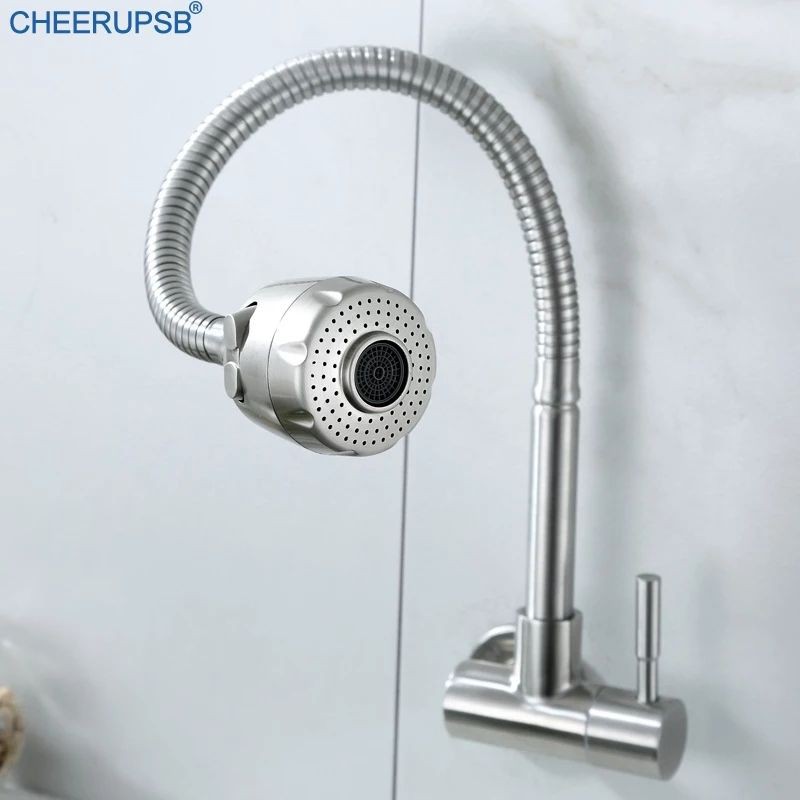 Kran kitchen sink Stainless SUS 304 Fleksibel keran bak cuci piring Dapur wastafel Meja dan Dinding fleksibel dan pipa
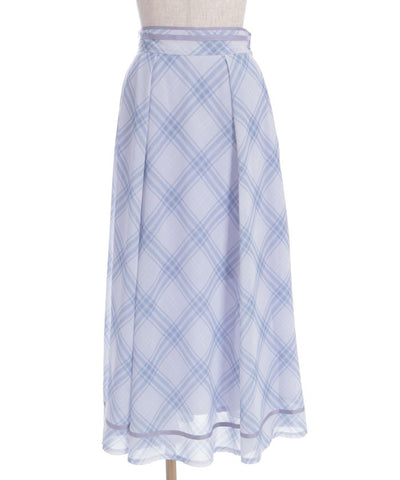 Sheer Plaid Flare Skirt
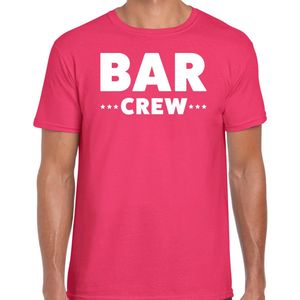 Bellatio Decorations Bar Crew t-shirt voor heren - personeel/staff shirt - roze XL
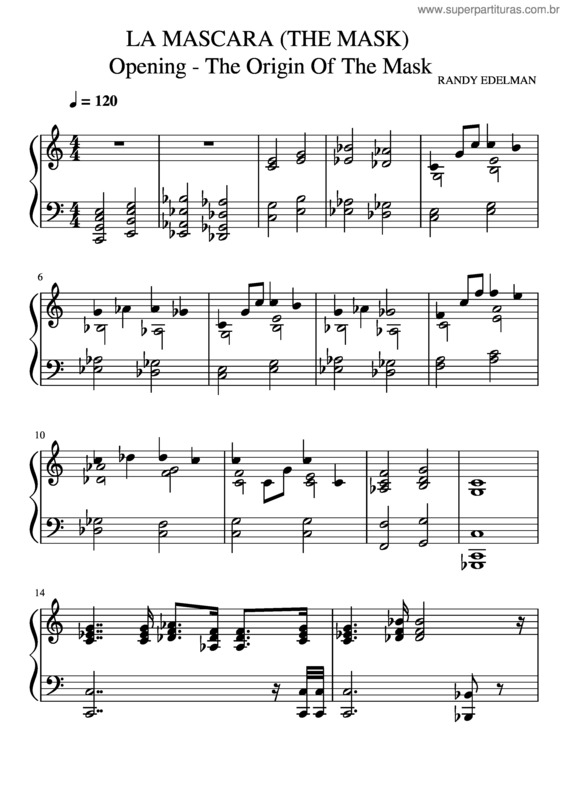 Partitura da música Opening – The Origin Of The Mask – Randy Edelman La Mascara  1994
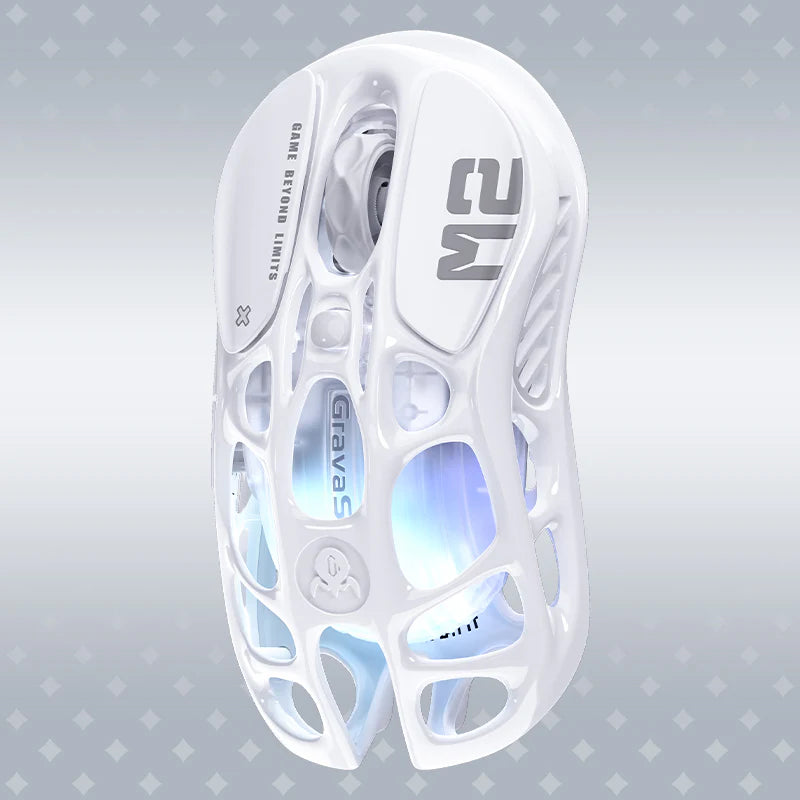 GravaStar Mercury M2 Opaline White 2024 Red Dot Award winner wireless gaming mouse top vertical view featuring 88g skeletal frame, PAW3395 26K DPI sensor, 1000Hz polling rate, and RGB lighting, perfect paired with Mercury K1 Opaline White keyboard and Supernova White speaker.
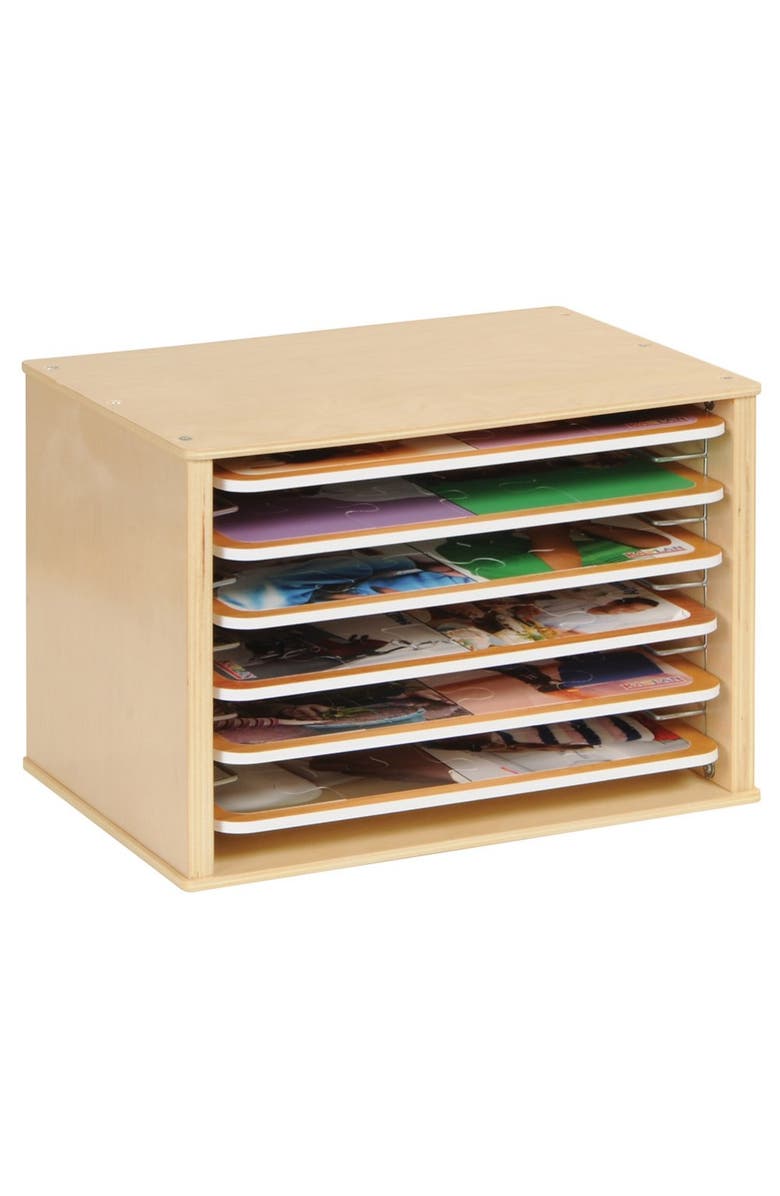 Kaplan Early Learning Company Kaplan Wooden Puzzle Rack, Alternate, color, Beige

- Task
Repeat exactly and only the lines from the one holding "Bellatio Decorations Bar" through the final line of the entries; no pictures.

- Answer box
 Bellatio Decorations Bar Crew t-shirt voor heren - personeel/staff shirt - roze XL
 Partitura da música Opening – The Origin Of The Mask – Randy Edelman La Mascara  1994
 GravaStar Mercury M2 Opaline White 2024 Red Dot Award winner wireless gaming mouse top vertical view featuring 88g skeletal frame, PAW3395 26K DPI sensor, 1000Hz polling rate, and RGB lighting, perfect paired with Mercury K1 Opaline White keyboard and Supernova White speaker.
 Kaplan Early Learning Company Kaplan Wooden Puzzle Rack, Alternate, color, Beige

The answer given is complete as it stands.